Das eine ist, wie Menschen sich gegenseitig behandeln – das andere ist die entmenschlichende Bürokratie. Offizieller Briefverkehr ist eine sehr binäre Angelegenheit, auch wenn Deutschland jetzt das dritte Geschlecht offiziell anerkennt. Das heißt man kann nach §22 PStG statt einem männlichen oder weiblichen einen diversen Geschlechtseintrag, oder auch gar kein Geschlecht in Geburtsurkunde, Reisepass, etc. eintragen lassen.
Diese Umstellung ist für Behörden gar nicht so einfach. Die erste Frage ist oft: „wenn sie kein*e Herr/Frau Nachname sind, wie nenne ich sie jetzt dann?“ Eine schöne Idee ist „Sehr geehrtes D Nachname,“ das zum Beispiel von manchen Corona-Testzentren verwendet wird. Das kann man an dieser Stelle gut vorschlagen.
Es gibt teure Wege und etwas günstigere Tricks, um seinen Namen und Geschlechtseintrag ändern zu lassen. Zum Beispiel gibt es den Weg über §45b PStG – am besten werft ihr dafür einen Blick auf https://web.archive.org/web/20210510201446/https://www.bundesverband-trans.de/unsere-arbeit/dritter-geschlechtseintrag/.
Zum Zeitpunkt der Veröffentlichung dieses Zines ist die Gesetzeslage heftig umstritten; die Entscheidung über eine Verfassungsbeschwerde gegen die Diskriminierung von nichtbinären Menschen steht gerade noch aus, und vor kurzem abgelehnte Gesetzesentwürfe der Grünen und der FDP könnten bei der nächsten Bundestagswahl eine Mehrheit erhalten. Bald könnte es besser aussehen.

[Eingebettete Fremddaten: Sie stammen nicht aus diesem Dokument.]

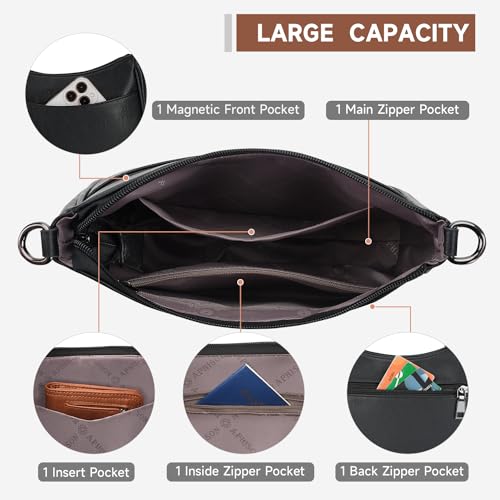 APHISON Trendy Leather Crossbody Purse, Women's Shoulder Handbag - color: Black2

Aber vielleicht ist es auch besser, sich keine Illusionen darüber zu machen, dass die Bürokratie eins als Mensch ernst nimmt. Im alltäglichen Kampf mit Jobcenter, Krankenkassen, Gerichten, BaFöG-Amt, Standesamt, und den Kategorien, die sie uns aufdrücken, ist es sinnvoll, eine Rolle zu spielen – und sich klar davon abzugrenzen, wie man außerhalb dieses Kampfes mit Menschen umgehen will. Einen falschen Namen und ein falsches Geschlecht zu verwenden, wenn man sich mit denen streitet, kann ein Umgang damit sein.